The content of DONE files is in the JSON format. A DONE file needs to contain only the timestamp in milliseconds of the current full data. The system retains only the incremental data in the recent three days. Therefore, the point in time that is specified by the timestamp must be within the previous three days.
The timestamp in a DONE file indicates the point in time of the incremental data to be pulled. If you do not specify the timestamp, incremental data from the start time of the scheduled reindexing task is appended. OpenSearch retains only the incremental data in the recent three days. Therefore, the point in time must be within the previous three days.
For example, full data is generated at 09:00 on the current day, MaxCompute processes the full data at 10:00, and the scheduled reindexing task in OpenSearch starts at 10:30. After MaxCompute processes the full data, the incremental data after 09:00 on the current day is appended. You must specify the timestamp that corresponds to 09:00 on the current day in milliseconds in the DONE file to ensure data integrity.
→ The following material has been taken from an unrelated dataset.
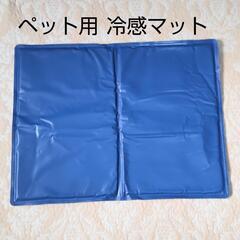 ペット 冷感マット Lサイズ 犬 猫  クールマット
Otherwise, the incremental data that is generated after 10:30, which is the default start time of the scheduled reindexing task, is appended. The incremental data from 09:00 to 10:30 is lost. Proceed with caution. If no incremental data is generated, you do not need to specify the timestamp.
The following sample code shows an example of the content of a DONE file for an advanced application. The timestamp in the DONE file is used to append incremental data. You can use a similar method to specify the timestamp in DONE files for standard applications.

{
"timestamp":"1234567890000"
}

Priorities of a DONE file and the data time:

The data time of MaxCompute data sources is required and takes precedence over a DONE file.
If you create only one version for an application, you need to specify only the data time. In this case, you cannot use a DONE file alone.
If you need to use a scheduled reindexing task, you must specify both the data time and a DONE file. The data time takes precedence over the DONE file for the first version. The DONE file takes precedence over the data time for subsequent versions.

Usage notes:

Important

MaxCompute data sources support only full synchronization, but do not support incremental synchronization.